LlamaParseReader with TypeScript and Express.js
Parsing documents like PDFs can be a real pain. Thankfully, LlamaIndex has you covered. LlamaParseReader leverages LlamaCloud creating a simple way to parse documents and prepare them for use in your RAG applications.
I'll assume if you are reading this article, you have worked with LlamaIndex, and this guide shows the document parsing LlamaCloud offers.
If not, there is a phenomenal free video course on DeepLearning.ai which you can watch here.
Before we start, ensure you have an API Key from LlamaIndex Cloud, which we will need later (and named LLAMA_CLOUD_API_KEY in your .env file). We also use OpenAI as our LLM. You can get a key for that here.
This is an Express.js example, but the core logic could be lifted for any Node.js environment.
Install Dependencies
First, install the necessary packages:
npm install express llamaindex dotenv npm install --save-dev @types/express typescript
Setup .env File
Create a .env file in the root of your project and add your API keys:
LLAMA_CLOUD_API_KEY=your_api_key_here OPENAI_API_KEY=your_api_key_here
Write Some Code
Create a new TypeScript file, for example, server.ts. Below is the complete code to use LlamaParseReader with Express.js:
import express, { Request, Response } from "express";
import { config } from "dotenv";
import { VectorStoreIndex, OpenAI, Settings } from "llamaindex";
import { LlamaParseReader } from "llamaindex/readers/LlamaParseReader";
// Load environment variables from .env file
config();
// Set up LLM settings, I tend to use 3.5 because it's cheap and works well with all the use cases I've thrown at it with local docs.
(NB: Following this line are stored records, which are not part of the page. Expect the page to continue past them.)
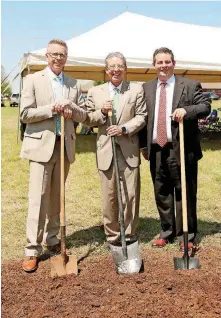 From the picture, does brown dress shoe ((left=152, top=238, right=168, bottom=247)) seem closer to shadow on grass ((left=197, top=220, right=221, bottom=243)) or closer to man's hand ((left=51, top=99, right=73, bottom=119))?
shadow on grass ((left=197, top=220, right=221, bottom=243))

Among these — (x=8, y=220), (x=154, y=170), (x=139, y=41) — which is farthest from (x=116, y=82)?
(x=139, y=41)

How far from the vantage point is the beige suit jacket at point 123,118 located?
3.96m

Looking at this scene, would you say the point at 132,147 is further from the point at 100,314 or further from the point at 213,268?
the point at 100,314

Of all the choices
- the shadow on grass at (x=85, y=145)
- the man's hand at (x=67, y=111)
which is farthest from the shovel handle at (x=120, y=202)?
the shadow on grass at (x=85, y=145)

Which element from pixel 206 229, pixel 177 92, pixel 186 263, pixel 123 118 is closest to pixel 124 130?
pixel 123 118

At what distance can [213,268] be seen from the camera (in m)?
3.91

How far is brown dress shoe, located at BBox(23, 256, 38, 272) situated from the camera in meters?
3.84

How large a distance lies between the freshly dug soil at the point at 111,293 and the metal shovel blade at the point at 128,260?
86 millimetres

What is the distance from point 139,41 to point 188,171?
753 centimetres

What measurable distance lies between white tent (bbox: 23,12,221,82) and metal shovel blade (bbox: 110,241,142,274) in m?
6.63

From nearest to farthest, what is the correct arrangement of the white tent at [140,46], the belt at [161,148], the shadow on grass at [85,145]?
the belt at [161,148]
the white tent at [140,46]
the shadow on grass at [85,145]

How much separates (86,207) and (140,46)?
599 centimetres

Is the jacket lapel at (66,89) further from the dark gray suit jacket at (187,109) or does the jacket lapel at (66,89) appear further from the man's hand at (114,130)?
the dark gray suit jacket at (187,109)

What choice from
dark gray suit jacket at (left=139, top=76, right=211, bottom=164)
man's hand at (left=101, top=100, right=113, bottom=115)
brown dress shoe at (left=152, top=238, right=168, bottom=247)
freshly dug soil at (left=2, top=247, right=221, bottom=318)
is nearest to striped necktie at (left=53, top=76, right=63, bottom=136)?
man's hand at (left=101, top=100, right=113, bottom=115) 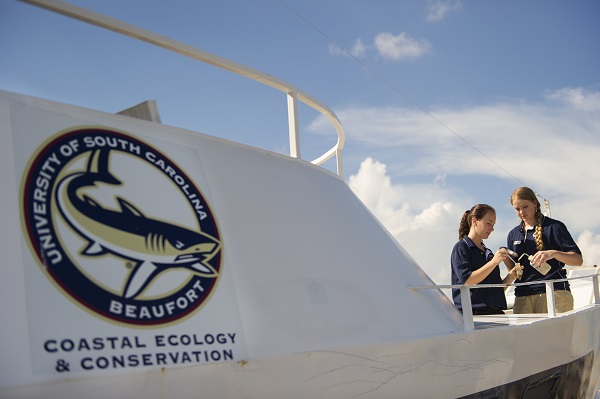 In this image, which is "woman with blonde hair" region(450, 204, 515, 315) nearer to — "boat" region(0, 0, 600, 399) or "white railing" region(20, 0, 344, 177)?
"boat" region(0, 0, 600, 399)

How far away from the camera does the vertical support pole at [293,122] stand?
150 inches

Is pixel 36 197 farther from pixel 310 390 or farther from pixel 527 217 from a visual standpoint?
pixel 527 217

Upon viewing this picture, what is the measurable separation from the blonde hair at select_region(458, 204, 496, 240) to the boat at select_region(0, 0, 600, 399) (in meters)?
1.50

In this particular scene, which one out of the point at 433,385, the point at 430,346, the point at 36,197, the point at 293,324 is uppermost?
the point at 36,197

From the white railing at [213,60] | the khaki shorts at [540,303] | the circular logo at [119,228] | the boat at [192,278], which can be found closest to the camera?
the boat at [192,278]

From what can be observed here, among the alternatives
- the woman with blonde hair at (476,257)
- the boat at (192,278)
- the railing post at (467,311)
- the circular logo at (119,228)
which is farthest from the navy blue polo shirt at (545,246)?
the circular logo at (119,228)

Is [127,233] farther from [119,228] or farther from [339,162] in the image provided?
[339,162]

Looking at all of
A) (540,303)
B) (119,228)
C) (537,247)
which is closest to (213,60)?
(119,228)

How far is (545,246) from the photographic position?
559 centimetres

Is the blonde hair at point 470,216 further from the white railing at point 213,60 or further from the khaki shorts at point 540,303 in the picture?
the white railing at point 213,60

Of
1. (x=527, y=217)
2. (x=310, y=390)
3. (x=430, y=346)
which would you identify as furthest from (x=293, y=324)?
(x=527, y=217)

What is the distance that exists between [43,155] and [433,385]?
2365mm

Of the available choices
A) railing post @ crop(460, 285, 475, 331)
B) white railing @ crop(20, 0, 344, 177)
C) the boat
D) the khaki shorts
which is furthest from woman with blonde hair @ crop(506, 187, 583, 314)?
Result: white railing @ crop(20, 0, 344, 177)

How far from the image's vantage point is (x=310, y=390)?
2.68 meters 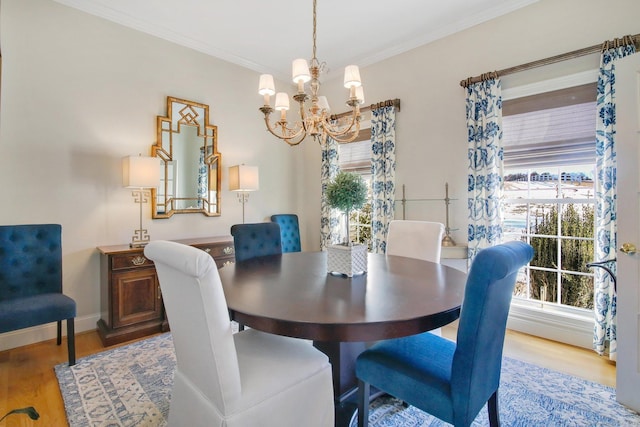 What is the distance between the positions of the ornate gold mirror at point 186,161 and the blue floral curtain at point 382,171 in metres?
1.87

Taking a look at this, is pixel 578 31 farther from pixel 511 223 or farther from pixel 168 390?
pixel 168 390

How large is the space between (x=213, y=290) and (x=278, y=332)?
296 mm

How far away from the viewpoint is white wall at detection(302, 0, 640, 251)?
8.17ft

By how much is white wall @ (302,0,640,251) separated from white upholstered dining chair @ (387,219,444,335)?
78cm

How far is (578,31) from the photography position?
8.25 feet

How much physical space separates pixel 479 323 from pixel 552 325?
7.09 ft

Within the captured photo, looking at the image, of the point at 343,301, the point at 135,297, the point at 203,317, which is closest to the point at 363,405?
the point at 343,301

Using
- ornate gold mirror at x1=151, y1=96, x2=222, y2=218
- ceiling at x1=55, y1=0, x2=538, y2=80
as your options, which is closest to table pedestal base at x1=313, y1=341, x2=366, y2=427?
ornate gold mirror at x1=151, y1=96, x2=222, y2=218

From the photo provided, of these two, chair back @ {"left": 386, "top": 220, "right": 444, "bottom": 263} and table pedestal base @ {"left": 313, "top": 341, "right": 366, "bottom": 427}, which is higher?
chair back @ {"left": 386, "top": 220, "right": 444, "bottom": 263}

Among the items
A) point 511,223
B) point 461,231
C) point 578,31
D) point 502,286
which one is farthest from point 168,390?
point 578,31

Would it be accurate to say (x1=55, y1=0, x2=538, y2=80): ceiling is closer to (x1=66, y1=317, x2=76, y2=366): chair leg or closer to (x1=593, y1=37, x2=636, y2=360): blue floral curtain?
(x1=593, y1=37, x2=636, y2=360): blue floral curtain

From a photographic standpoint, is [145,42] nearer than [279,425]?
No

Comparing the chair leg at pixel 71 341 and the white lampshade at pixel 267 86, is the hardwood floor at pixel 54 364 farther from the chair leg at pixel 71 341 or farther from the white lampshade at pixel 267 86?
the white lampshade at pixel 267 86

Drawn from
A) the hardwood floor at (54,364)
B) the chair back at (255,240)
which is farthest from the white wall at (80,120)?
the chair back at (255,240) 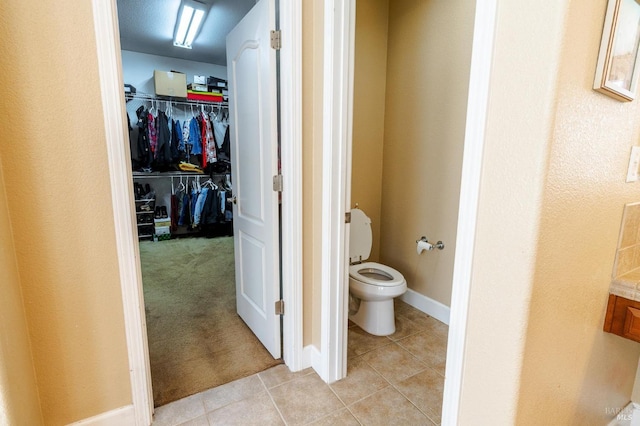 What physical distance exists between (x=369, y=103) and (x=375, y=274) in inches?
53.7

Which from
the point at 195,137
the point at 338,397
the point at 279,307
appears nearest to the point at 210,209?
the point at 195,137

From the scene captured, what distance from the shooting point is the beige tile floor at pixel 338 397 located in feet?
4.74

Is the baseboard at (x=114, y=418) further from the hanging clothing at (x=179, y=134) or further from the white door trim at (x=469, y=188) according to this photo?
the hanging clothing at (x=179, y=134)

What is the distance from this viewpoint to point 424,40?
7.46 feet

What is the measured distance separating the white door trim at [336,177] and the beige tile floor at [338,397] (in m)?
0.13

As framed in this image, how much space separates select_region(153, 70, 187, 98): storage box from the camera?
14.0ft

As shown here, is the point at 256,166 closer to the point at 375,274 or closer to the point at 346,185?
the point at 346,185

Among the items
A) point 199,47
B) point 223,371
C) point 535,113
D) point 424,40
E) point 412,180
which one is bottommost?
point 223,371

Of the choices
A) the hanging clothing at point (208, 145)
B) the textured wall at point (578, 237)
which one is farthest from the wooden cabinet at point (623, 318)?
the hanging clothing at point (208, 145)

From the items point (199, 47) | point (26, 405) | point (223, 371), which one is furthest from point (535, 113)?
point (199, 47)

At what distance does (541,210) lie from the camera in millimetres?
749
Settings.llm = new OpenAI({ model: "gpt-3.5-turbo" });
const app = express();
const port = process.env.PORT || 3000;
app.use(express.json());
app.post("/query", async (req: Request, res: Response) => {
try {
const { query } = req.body;
if (!query) {
throw new Error("Input is required");
}
// Initialize the LlamaParseReader
const reader = new LlamaParseReader({ resultType: "markdown" });
// Load and parse the document
const documents = await reader.loadData(
"./src/data/writing-effectively.pdf"
);
// Create embeddings and store them in a VectorStoreIndex
const index = await VectorStoreIndex.fromDocuments(documents);
// Create a query engine
const queryEngine = index.asQueryEngine();
// Query the document using the query engine
const { response } = await queryEngine.query({ query });
// Return the response
res.json({ response });
} catch (err) {
console.error(err);
res.status(400).send("Something went wrong.");
}
});
app.listen(port, () => {
console.log(`Server is running on port ${port}`);
});
Compile and Run the Code
Ensure you have the TypeScript compiler installed and run the code:
npx tsc && node dist/server.js
Make sure your TypeScript compiler is configured correctly in tsconfig.json.